Гораздо более значительными, чем эти битвы в Галлии, были волнения во Фракии. Интеграция Фракии в Римскую империю затруднялась тем, что страна имела мало отправных точек для романизации, кроме того, была труднодоступна по природным условиям. На побережье расположились старые эллинистические города, континентальные же районы были малодоступны из-за огромных лесов и знаменитых оленьих угодий. Так как только в маленьких городах и ярмарочных местах были предпосылки для силового проникновения, Август отказался от непосредственного римского правления и довольствовался тем, что оставил страну в статусе клиентельного царства, которым правил тогда заслуживающий доверия царь Реметелак. После его смерти (приблизительно в 14 г.н.э.) царство было разделено между его сыном Котисом, который получил земли южнее Балкан, и его братом Рескупо-рисом, получившим северные районы.

Вскоре после этого разделения произошли сильные волнения, потому что Рескупорис чувствовал себя, и совершенно справедливо, обделенным. Его банды нападали на территорию Котиса, а в 18 г.н.э. началась открытая война.

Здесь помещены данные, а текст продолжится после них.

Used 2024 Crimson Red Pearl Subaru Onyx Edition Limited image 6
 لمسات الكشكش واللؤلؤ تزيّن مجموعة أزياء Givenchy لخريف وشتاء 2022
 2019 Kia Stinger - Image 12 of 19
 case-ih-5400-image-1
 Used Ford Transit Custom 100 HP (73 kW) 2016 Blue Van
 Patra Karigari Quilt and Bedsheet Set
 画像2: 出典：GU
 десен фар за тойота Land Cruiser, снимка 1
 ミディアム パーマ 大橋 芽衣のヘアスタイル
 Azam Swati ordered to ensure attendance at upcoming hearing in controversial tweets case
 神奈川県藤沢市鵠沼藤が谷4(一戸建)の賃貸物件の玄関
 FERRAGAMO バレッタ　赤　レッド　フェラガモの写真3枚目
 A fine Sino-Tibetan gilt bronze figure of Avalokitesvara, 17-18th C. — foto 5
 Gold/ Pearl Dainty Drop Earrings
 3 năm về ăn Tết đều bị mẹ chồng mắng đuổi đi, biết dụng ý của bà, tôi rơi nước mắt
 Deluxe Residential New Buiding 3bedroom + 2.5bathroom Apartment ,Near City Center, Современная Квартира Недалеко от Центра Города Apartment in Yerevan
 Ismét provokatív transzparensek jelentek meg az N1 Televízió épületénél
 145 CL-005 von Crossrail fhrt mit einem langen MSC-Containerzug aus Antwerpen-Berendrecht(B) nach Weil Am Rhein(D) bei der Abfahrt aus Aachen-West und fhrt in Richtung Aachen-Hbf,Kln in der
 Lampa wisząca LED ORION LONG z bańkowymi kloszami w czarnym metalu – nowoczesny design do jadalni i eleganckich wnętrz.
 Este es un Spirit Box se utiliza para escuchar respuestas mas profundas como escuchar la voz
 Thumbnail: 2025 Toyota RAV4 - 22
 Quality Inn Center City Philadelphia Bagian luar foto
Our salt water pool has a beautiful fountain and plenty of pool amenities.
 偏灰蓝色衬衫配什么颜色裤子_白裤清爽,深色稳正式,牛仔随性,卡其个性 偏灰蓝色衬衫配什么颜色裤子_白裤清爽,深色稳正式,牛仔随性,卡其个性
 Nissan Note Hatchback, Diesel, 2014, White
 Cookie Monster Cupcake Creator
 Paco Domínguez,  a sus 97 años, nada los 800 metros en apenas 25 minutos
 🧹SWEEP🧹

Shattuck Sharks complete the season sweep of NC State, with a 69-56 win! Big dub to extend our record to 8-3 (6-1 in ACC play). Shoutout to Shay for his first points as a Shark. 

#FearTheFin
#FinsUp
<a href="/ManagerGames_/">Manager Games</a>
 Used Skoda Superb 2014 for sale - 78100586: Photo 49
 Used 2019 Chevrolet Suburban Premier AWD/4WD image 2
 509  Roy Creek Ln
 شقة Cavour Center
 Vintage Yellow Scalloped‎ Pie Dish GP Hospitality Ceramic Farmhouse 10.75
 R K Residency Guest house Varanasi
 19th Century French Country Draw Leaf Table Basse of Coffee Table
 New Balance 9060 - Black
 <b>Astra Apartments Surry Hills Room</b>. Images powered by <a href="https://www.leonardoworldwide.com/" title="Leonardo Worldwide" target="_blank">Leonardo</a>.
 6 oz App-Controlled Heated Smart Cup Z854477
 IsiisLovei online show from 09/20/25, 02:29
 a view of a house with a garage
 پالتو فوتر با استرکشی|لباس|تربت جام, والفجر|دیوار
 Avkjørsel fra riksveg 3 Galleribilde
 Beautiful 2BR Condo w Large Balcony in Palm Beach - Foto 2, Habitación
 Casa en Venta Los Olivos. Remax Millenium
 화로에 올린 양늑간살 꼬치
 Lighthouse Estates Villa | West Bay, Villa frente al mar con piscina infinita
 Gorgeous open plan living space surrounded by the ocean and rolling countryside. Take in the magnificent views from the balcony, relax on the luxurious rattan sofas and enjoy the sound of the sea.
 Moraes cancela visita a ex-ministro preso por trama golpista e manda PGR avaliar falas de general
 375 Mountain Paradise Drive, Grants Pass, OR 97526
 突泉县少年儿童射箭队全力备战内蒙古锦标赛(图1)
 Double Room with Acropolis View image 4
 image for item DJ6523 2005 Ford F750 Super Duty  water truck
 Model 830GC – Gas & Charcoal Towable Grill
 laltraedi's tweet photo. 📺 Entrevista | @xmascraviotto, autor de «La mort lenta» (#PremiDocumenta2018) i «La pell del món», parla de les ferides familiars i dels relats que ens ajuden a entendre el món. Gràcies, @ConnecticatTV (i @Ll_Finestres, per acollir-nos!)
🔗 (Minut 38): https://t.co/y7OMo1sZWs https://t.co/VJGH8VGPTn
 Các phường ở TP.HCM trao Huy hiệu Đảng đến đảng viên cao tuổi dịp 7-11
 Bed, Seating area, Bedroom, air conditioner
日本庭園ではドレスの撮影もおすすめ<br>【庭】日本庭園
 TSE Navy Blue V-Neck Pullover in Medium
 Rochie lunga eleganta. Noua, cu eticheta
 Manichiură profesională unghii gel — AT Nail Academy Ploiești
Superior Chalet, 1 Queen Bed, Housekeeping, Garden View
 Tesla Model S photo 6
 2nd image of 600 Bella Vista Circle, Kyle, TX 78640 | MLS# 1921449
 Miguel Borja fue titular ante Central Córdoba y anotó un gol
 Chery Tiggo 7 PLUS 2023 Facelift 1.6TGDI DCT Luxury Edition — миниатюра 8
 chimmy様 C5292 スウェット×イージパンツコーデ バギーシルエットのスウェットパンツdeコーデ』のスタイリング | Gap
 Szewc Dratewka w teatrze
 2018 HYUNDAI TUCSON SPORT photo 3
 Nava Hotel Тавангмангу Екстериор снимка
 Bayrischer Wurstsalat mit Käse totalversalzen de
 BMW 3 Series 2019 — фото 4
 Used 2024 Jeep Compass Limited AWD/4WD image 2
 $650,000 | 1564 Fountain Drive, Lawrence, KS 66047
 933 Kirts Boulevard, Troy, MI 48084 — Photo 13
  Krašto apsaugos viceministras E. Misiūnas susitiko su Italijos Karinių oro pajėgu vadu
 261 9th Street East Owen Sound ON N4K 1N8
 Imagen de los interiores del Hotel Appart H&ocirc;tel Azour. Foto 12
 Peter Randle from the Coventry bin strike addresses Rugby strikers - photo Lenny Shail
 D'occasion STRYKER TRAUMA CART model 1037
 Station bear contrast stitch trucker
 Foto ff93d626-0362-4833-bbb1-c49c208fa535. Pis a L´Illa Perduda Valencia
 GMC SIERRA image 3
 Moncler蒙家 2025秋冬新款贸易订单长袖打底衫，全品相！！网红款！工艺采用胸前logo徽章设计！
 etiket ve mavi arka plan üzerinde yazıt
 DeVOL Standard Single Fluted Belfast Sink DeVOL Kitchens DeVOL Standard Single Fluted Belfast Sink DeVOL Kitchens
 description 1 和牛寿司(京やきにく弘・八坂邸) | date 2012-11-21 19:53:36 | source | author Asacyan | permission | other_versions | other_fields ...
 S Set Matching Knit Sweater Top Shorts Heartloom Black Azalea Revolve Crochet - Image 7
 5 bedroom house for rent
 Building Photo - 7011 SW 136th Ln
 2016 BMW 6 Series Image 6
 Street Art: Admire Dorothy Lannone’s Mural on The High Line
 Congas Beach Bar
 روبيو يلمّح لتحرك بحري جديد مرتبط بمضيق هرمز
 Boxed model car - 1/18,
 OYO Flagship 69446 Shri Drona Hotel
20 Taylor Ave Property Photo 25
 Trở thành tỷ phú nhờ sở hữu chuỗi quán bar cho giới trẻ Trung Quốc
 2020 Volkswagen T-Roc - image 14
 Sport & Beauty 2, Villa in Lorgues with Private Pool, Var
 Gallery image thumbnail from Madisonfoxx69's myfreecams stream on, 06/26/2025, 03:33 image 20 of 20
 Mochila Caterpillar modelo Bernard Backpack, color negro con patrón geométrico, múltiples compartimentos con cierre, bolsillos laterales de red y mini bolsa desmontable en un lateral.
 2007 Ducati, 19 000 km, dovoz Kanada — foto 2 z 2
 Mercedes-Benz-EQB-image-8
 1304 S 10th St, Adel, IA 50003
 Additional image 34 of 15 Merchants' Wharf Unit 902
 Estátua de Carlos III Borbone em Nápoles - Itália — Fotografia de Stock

Она велась самым жестоким образом. Рескупорис застал врасплох своего племянника во время попойки, а вскоре после того, как вмешался Рим, убил. Рим ответил ударом на удар. Римскому полководцу удалось заманить Рескупориса через границу и доставить его в Рим. Там он был лишен власти сенатом, депортирован в Александрию и в конце концов, очевидно после попытки к бегству, казнен.